Sus vidas son un grito: “Dios mío, sálvame, que me llega el agua al cuello: me estoy hundiendo en un cieno profundo y no puedo hacer pie; he entrado en la hondura del agua, me arrastra la corriente”.
Jeremías, Jesús, los emigrantes, los pobres: nosotros los vemos como un incordio a las puertas de nuestra abundancia, pero son voceros de Dios, son sus profetas, una alarma activada por el amor de Dios en nuestro mundo de frivolidades, una llamada a la conciencia de los distraídos por si todavía queremos darnos una oportunidad de salvación.

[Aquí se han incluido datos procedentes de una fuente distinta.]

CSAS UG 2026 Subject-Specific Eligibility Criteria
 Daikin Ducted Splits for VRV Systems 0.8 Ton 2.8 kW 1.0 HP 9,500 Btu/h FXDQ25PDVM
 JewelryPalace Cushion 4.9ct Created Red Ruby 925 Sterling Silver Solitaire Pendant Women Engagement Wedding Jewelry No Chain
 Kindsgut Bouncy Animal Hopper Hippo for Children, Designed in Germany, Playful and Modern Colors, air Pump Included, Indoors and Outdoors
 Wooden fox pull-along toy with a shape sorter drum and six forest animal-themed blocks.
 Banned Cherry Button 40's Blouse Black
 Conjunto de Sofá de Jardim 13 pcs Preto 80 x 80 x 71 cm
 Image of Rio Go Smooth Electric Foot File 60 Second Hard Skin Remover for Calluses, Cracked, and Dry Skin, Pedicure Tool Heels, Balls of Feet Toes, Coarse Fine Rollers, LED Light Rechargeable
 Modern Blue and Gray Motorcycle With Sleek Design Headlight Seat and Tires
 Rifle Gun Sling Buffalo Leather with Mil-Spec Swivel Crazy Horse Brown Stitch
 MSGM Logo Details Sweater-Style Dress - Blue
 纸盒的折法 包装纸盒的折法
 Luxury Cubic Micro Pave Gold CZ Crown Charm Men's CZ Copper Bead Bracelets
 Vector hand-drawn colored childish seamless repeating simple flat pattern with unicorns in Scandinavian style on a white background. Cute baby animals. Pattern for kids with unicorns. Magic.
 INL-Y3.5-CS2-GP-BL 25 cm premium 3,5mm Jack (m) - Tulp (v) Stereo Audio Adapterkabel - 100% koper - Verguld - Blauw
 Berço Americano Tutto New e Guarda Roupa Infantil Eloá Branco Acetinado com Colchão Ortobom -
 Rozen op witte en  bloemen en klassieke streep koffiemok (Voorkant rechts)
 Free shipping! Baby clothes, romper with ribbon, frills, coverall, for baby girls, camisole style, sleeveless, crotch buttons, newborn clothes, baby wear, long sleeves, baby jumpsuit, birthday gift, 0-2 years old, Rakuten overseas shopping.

Todos tenemos nuestras buenas razones para el abandono de los pobres al frío de la muerte, pero son las mismas buenas razones con las que dejo a Dios fuera de mi vida, fuera de mi rosario –perverso- y de mi eucaristía –escandalosa- y de mi corazón –petrificado-…
La Iglesia que hoy celebra la Eucaristía sabe que pertenece a Cristo, y hace suya la palabra de Cristo y comulga con su Señor.
Tú sabes que eres un solo cuerpo con Cristo; sabes que tu destino es el de los pobres, el de los profetas, el de Cristo.
Bautizada, olvidada, desechada, crucificada, estás llamada a ser siempre presencia viva de Cristo pobre entre los pobres, pobre tú también y enviada a los pobres como evangelio de salvación.
Habrás de desear ese bautismo por el que pasó Jesús; habrás de desearlo como lo deseó Jesús, habrás de desear con todo el corazón verte entregada con él, seguirlo a él abrazada a tu cruz…
Ese bautismo, esa comunión con Cristo Jesús en su entrega de amor hasta la muerte, es la chispa que encenderá el fuego que él vino a prender en el mundo. Por esa puerta de la entrega amorosa entrará el Espíritu de Jesús que hará posible un mundo nuevo, un mundo hijos de Dios, el reino de Dios, un mundo en el que los pobres podrán decir con verdad –lo podrán decir a una con Jesús-: “Yo esperaba con ansia al Señor; él se inclinó y escuchó mi grito. Me levantó de la fosa fatal, de la charca fangosa; afianzó mis pies… aseguró mis pasos… El Señor se cuida de mí”.
Feliz domingo, Iglesia de Cristo. Feliz bautismo en la muerte de Cristo. Feliz comunión con Cristo resucitado.